- **Problem to solve**
Everything from the line that holds "2017 Harley Softail" through the end of the listing below must be retyped word for word, without any pictures.

= Beginning of Section =

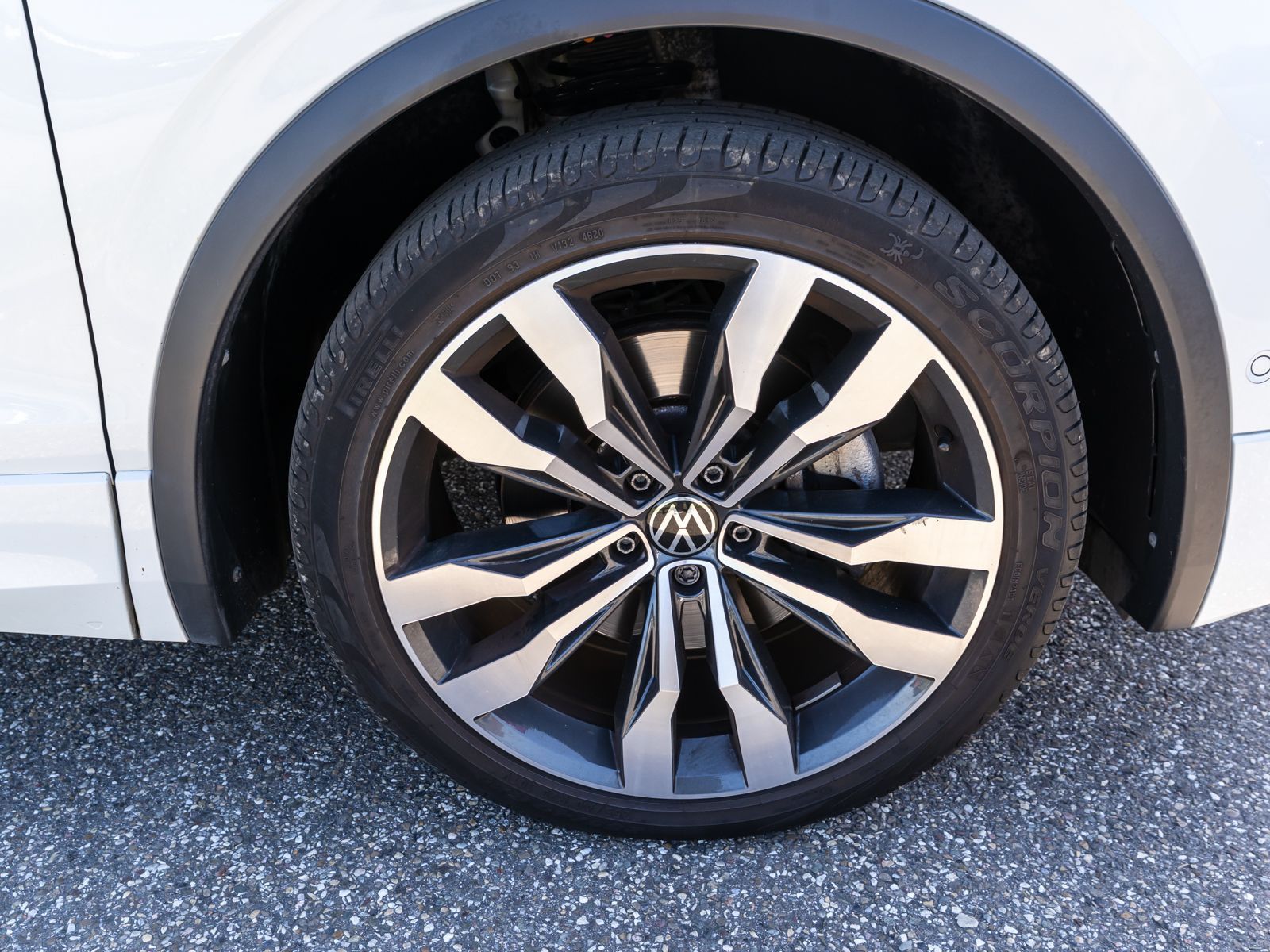 Volkswagen Tiguan - Bild 10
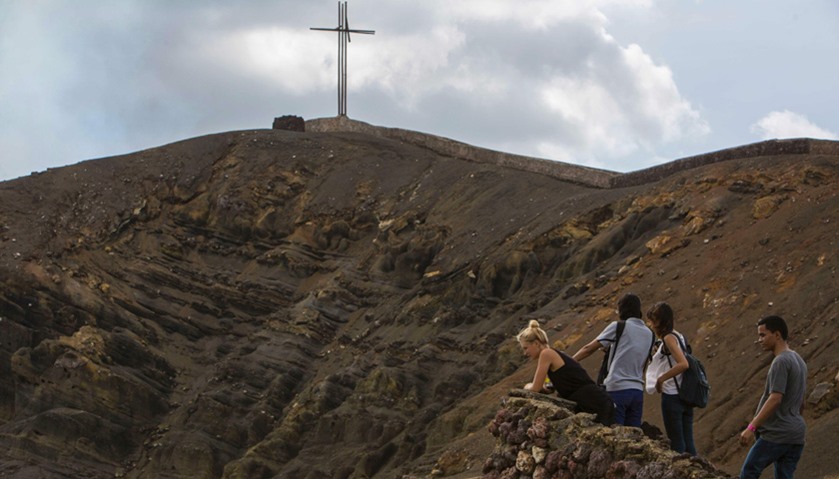 Hundreds of tourists arrive daily to observe the lava flow in Masaya volcano, Nicaragua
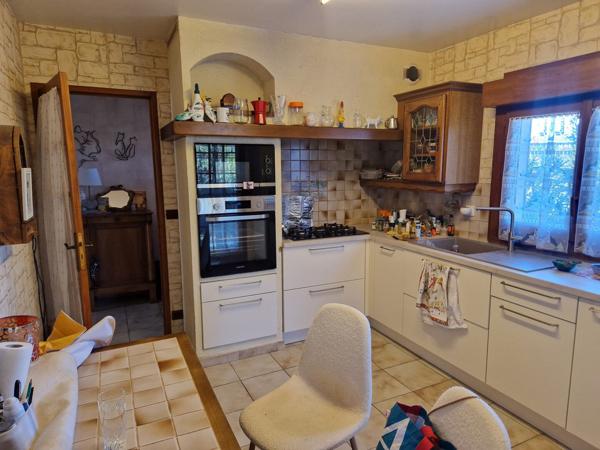 Salles d'Aude - Villa familiale avec piscine et garage sur parcelle arborée de 1306 m²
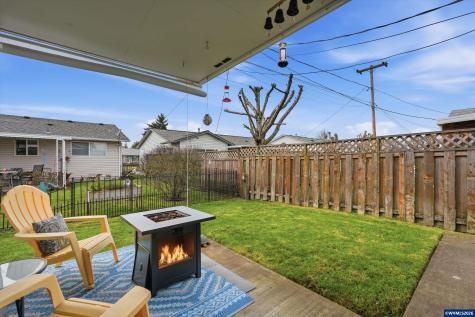 1841 Umpqua Road Woodburn OR 97071
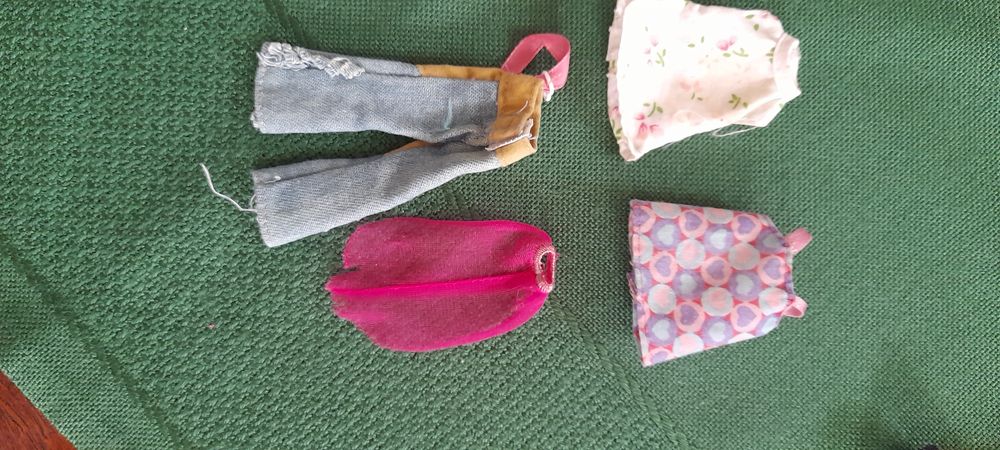 Ubranka dla małych lalek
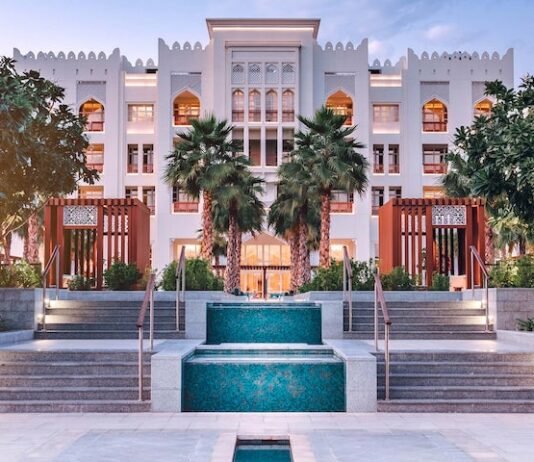 Marriott Bonvoy Promotion Herbst 2024: Bis zu 4.000 Bonuspunkte Al Messila Doha Blick vom Pool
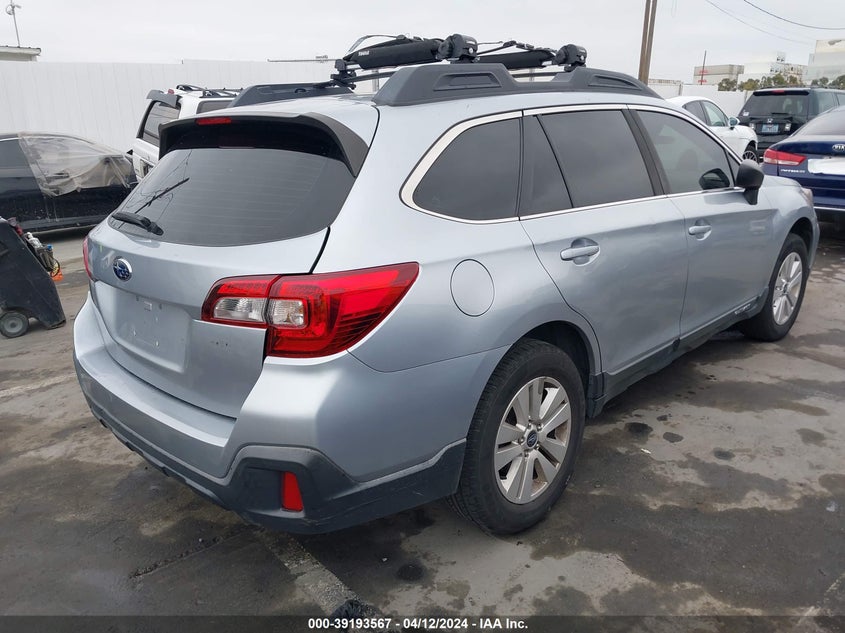 VIN 4S4BSAAC1J3394864 2018 SUBARU OUTBACK 2.5I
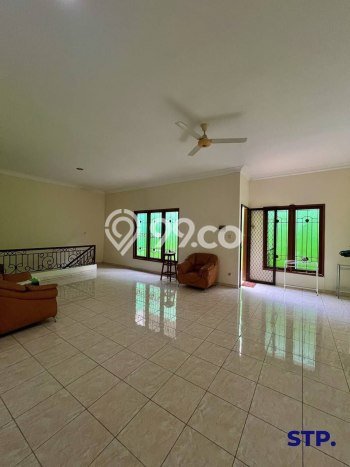 Rumah Disewakan Surabaya LT 300m2 LB 500m2 Area Surabaya Kota Rumah Disewakan Surabaya LT 300m2 LB 500m2 Area Surabaya Kota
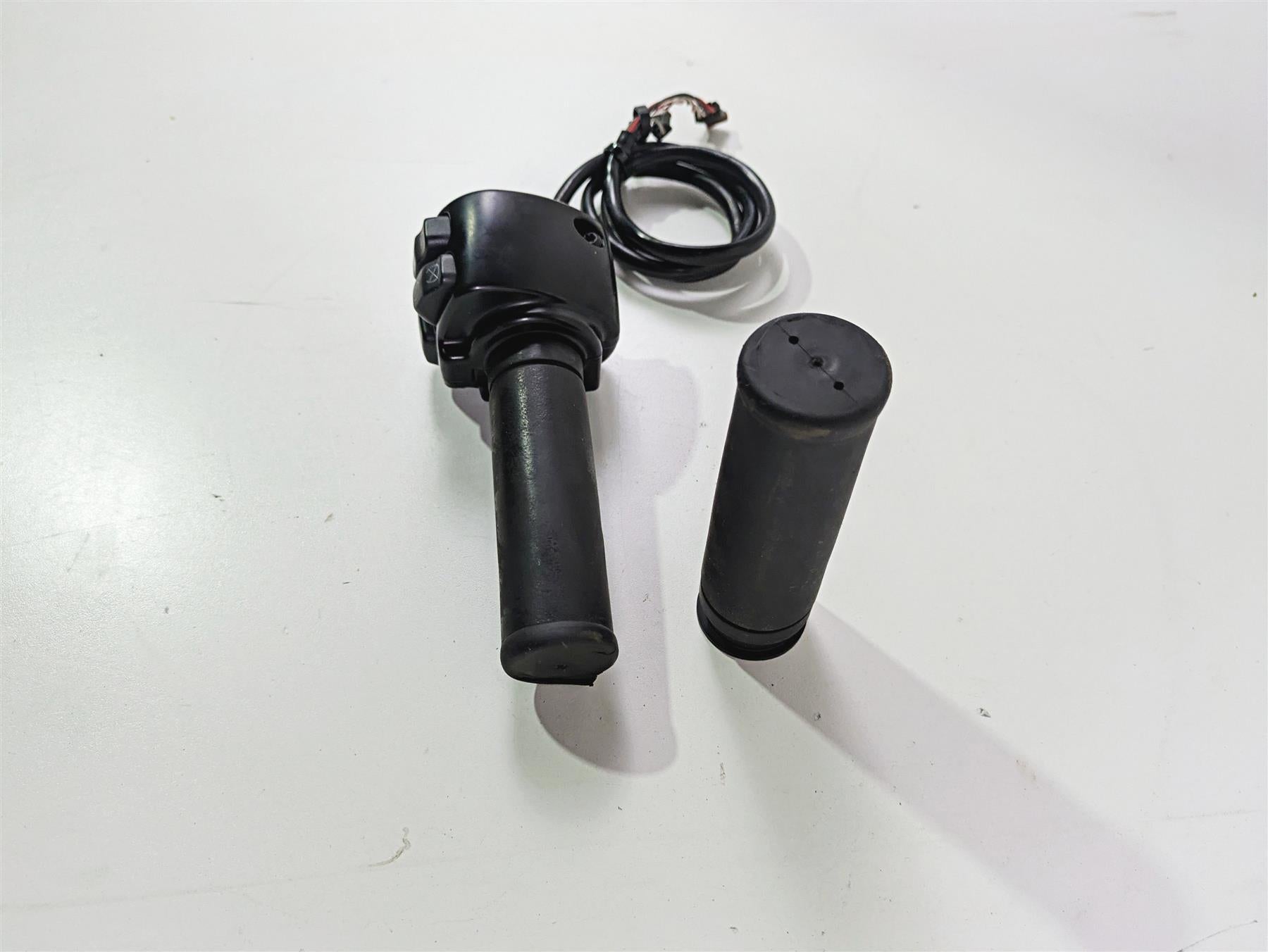 2017 Harley Softail Heritage Classic FLSTC Right Hand Control Switch 71500297 {{ shop.shopifyCountryName }} - Mototech271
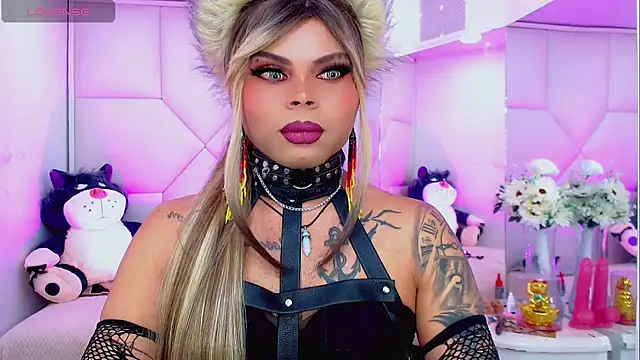 Snapshot of AdanKinng chatting on October 21, 2025, 7:30 am AdanKinng online show from October 21, 2025, 7:30 am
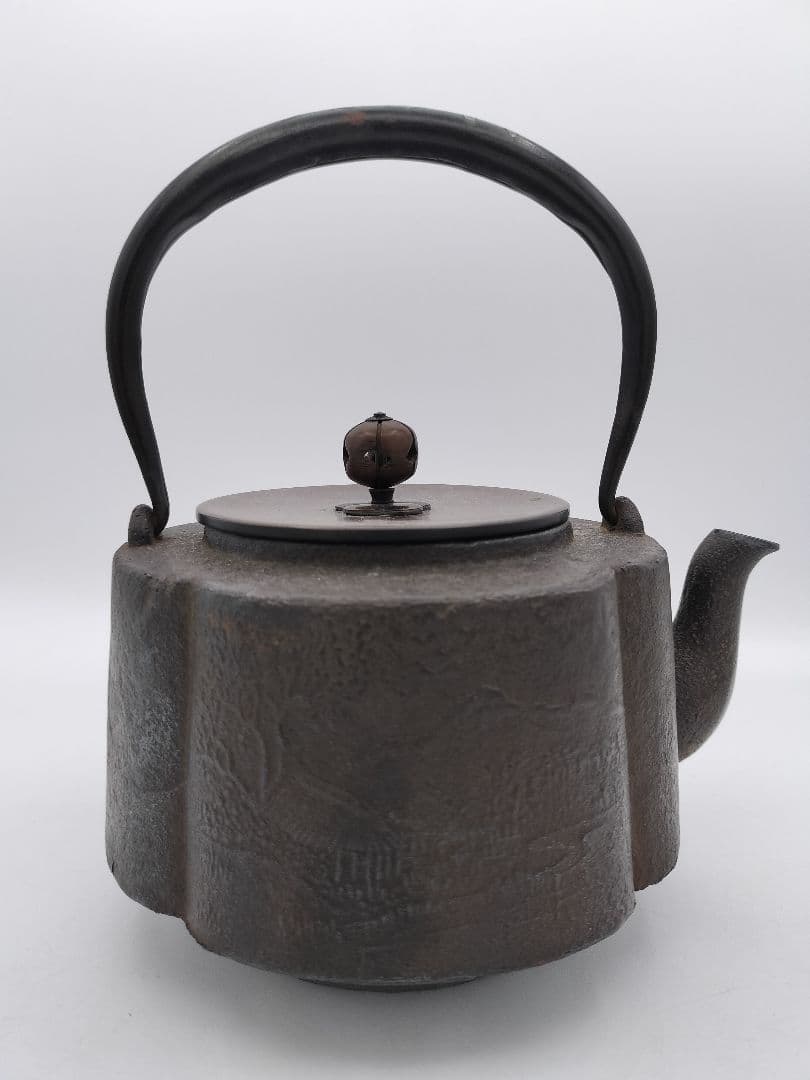 c088 鉄瓶 木瓜型 弦に富士の象嵌　茶道具 古物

= End of Section =

- **Exercise response**
 2017 Harley Softail Heritage Classic FLSTC Right Hand Control Switch 71500297 {{ shop.shopifyCountryName }} - Mototech271
 Snapshot of AdanKinng chatting on October 21, 2025, 7:30 am AdanKinng online show from October 21, 2025, 7:30 am
 c088 鉄瓶 木瓜型 弦に富士の象嵌　茶道具 古物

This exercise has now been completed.